The parties went before the Dispute Resolution Board, outlined in its construction contract, in May and have several claims still outstanding.
In November, 2014, in-person negotiations were held in Beijing with the CEXIM Bank, CCA and Baha Mar.
“The (November) Meeting Minutes reflected the agreement of the Debtors to essentially “buy” dates certain for the construction completion of the Project in an effort to mitigate the impact of CCA’s breaches of its commitments to achieve such completion as required by the Main Construction Contract,” the affidavit read.
In exchange for receiving a total of $54 million of advances on disputed claims, CCA agreed that “upon January 19, 2015, except for the wedding chapel and elevator tower, the rest of the Convention Centre will be substantially complete and ready for operational start for paying guests,” and to achieve “operational start for paying guests in hotels including amenities” by March 27, 2015.
“To ensure that it met these now-delayed milestones, CCA further agreed to take measures for the “improvement of work productivity” and the “enhancement of on-site management,” it added.
With this new guarantee, Mr Dunlap said the resort’s board of directors voted unanimously to commence taking reservations for the new hotels and convention centre from the public.
The March 27 opening was again confirmed in a January, 2015, Beijing meeting between Mr Izmirlian, Prime Minister Perry Christie and representatives from the CEXIM bank and CCA.
Baha Mar hired an additional 2,070 employees and staff, including more than 1,700 employees that received specialised training for positions in the Project’s new hotels and casino.
“In addition, the Debtors spent substantial funds on their pre-opening marketing and advertising campaigns, fully stocking their facilities with food and beverage supplies and other inventories, and stocking their vault with the $4.5 million in cash necessary to open the casino,” the affidavit read.
Despite failing to meet the January deadline for the convention centre, Mr Dunlap said no notice was given that the March deadline would not be met.
He said that during that period CCA executives began to ask for the release of retain age funds, which are owed to them upon the “substantial” completion of the project.
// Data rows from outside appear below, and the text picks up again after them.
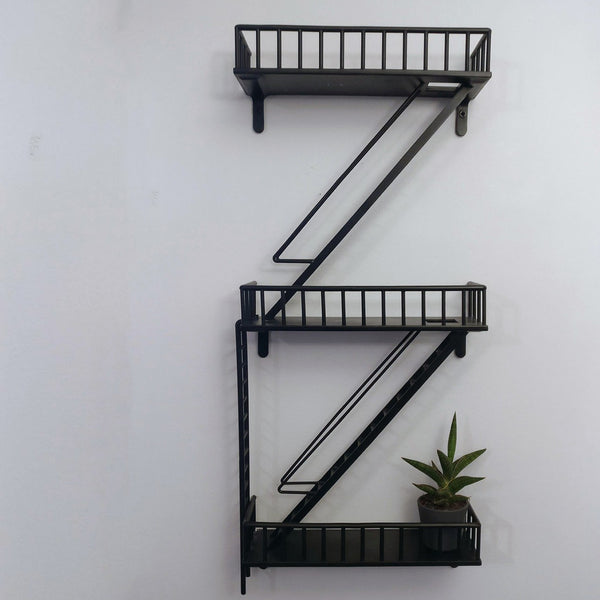 Metal Wall Shelf Zig-Zag Ladder (Black)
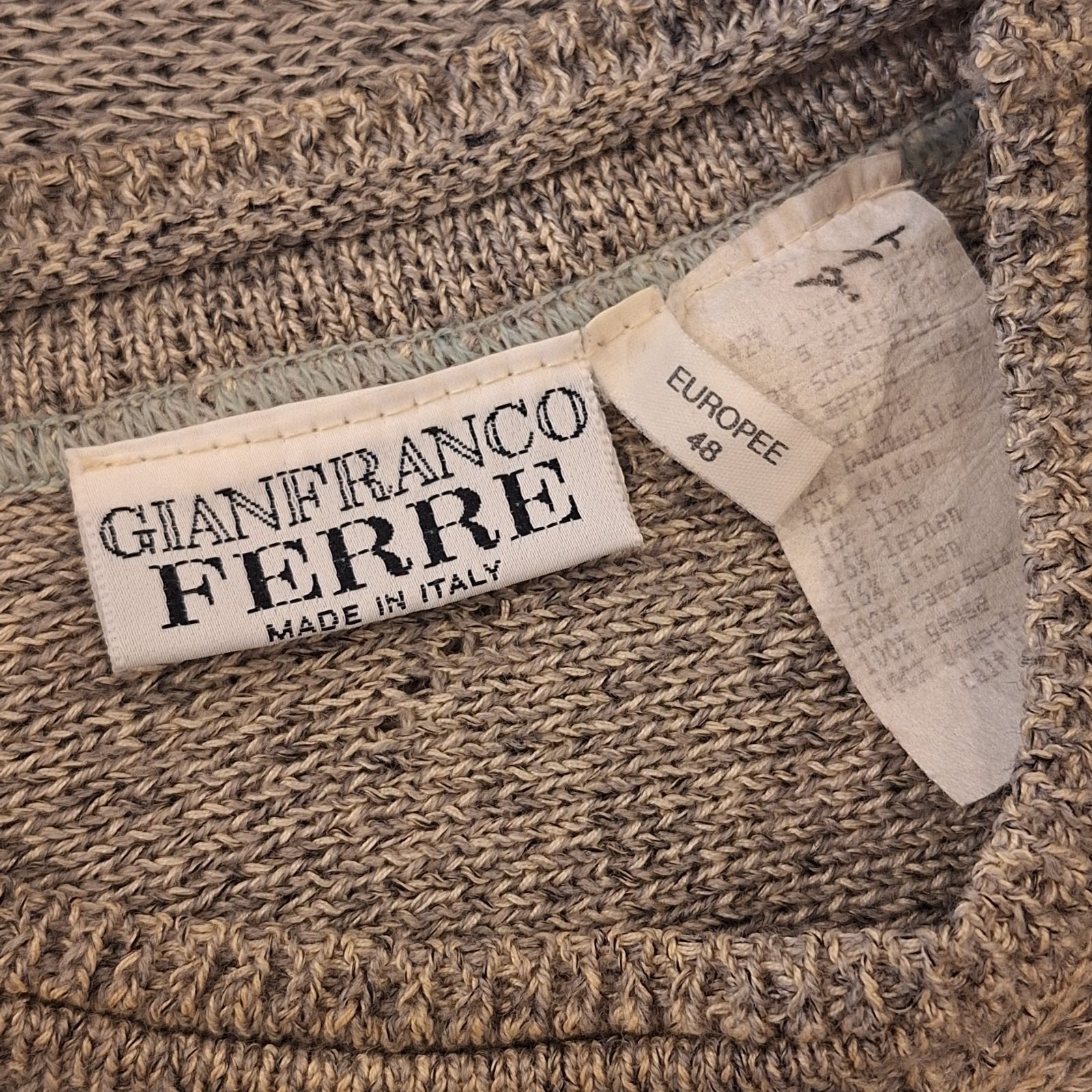 ジャンフランコフェレ GIANFRANCO FERRE イタリア製 ニットグレー系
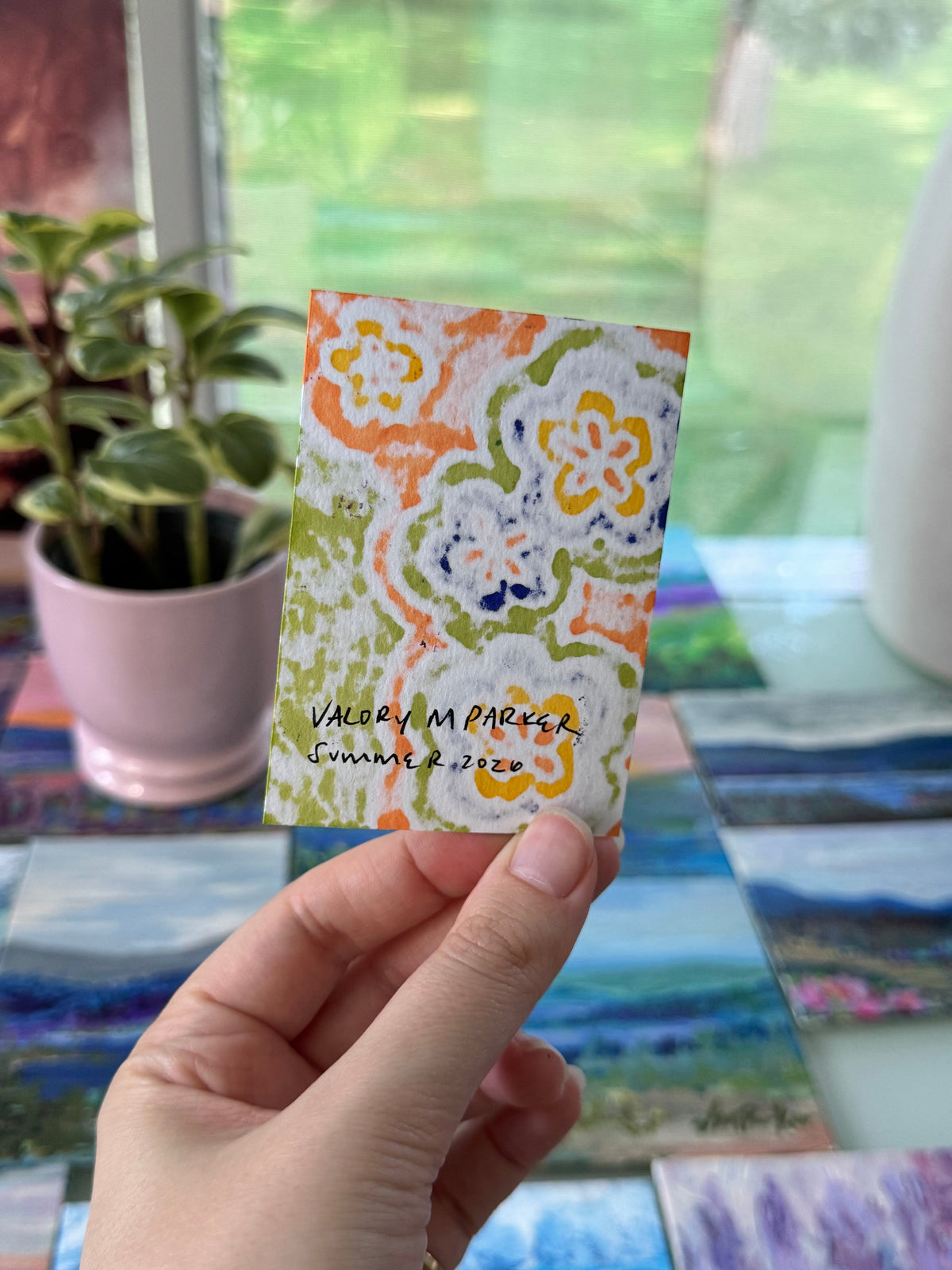 ACEO, Flower Clouds #12 Original Art Card 2.5x3.5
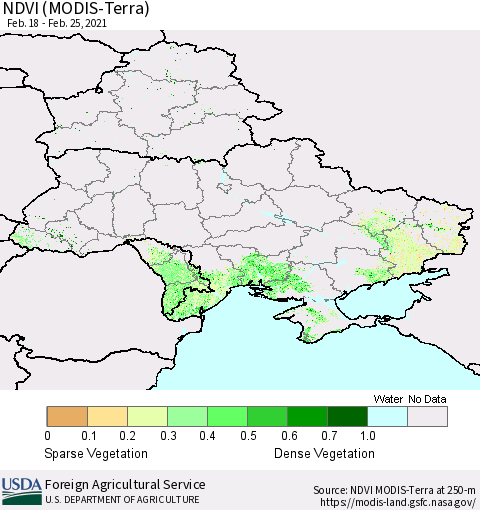 Ukraine, Moldova and Belarus NDVI (Terra-MODIS) Thematic Map For 2/21/2021 - 2/28/2021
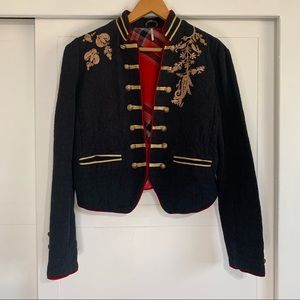 Free People Lauren Band Military Jacket in Small with gold embroidery detailing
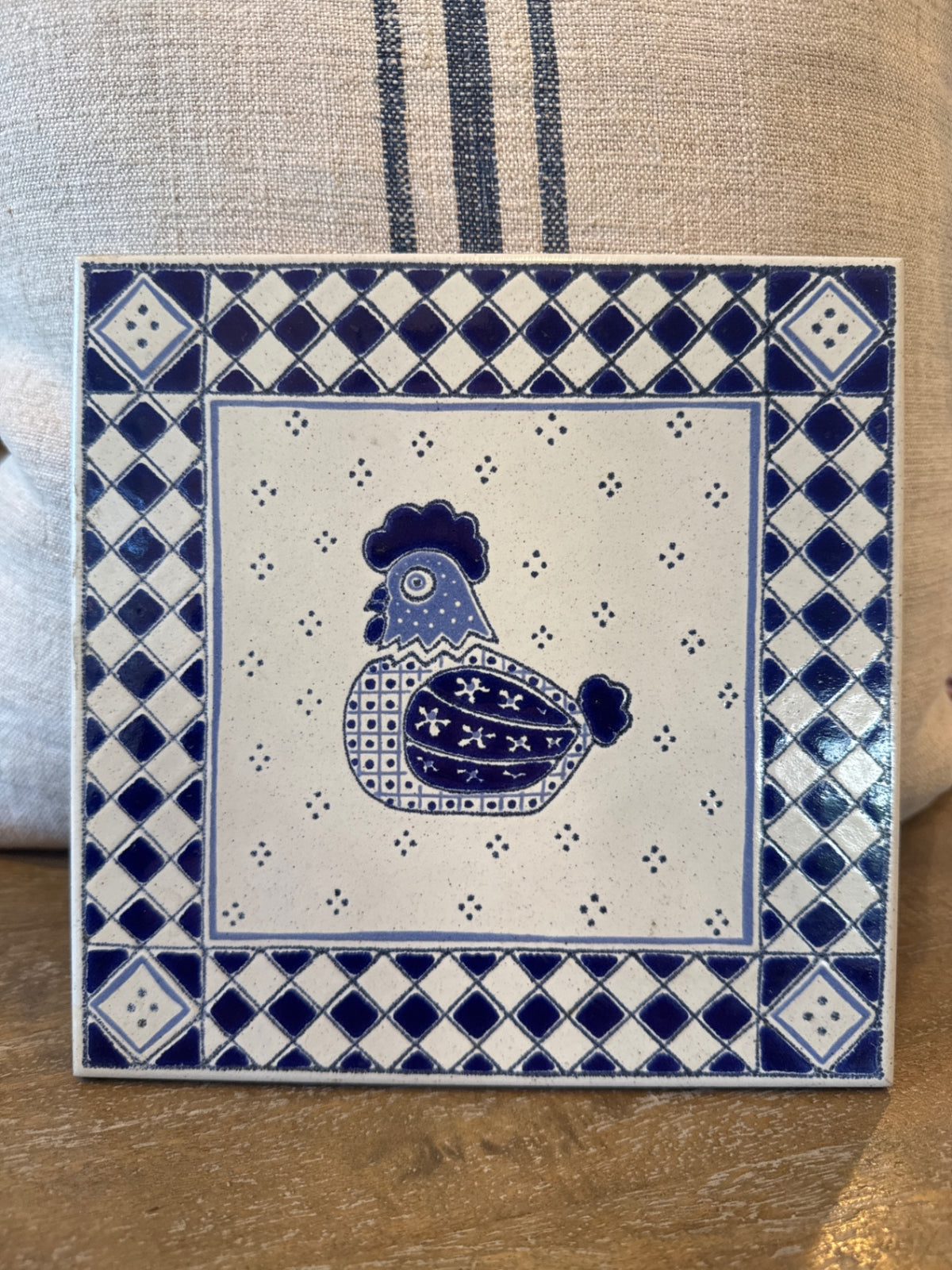  vintage chicken ceramic tile trivet from Italy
Mr Dunlap also stated that CCA began to submit inflated invoices for work.
“CCA failed to complete construction by March 27, 2015 without providing any effective advance notice to the Debtors,” the affidavit read.
“Upon admitting such failure, rather than provide a new construction completion date, CCA preferred to discuss payment and funding issues. Shortly thereafter, CCA ceased all material work on the Project.
“As a result, the Debtors were forced to cancel months’ worth of room reservations and group meeting events and provide numerous customers with vouchers, refunds, and in certain cases were required to find customers suitable accommodations elsewhere, all at a cost in excess of $6 million.”
Mr Dunlap said Baha Mar’s management team has made three separate attempts in the last two months to negotiate a resolution with no success.
“With its cash exhausted and no other viable options for pursuing continued negotiations, the Debtors commenced the Chapter 11 Cases on the Petition Date,” it added.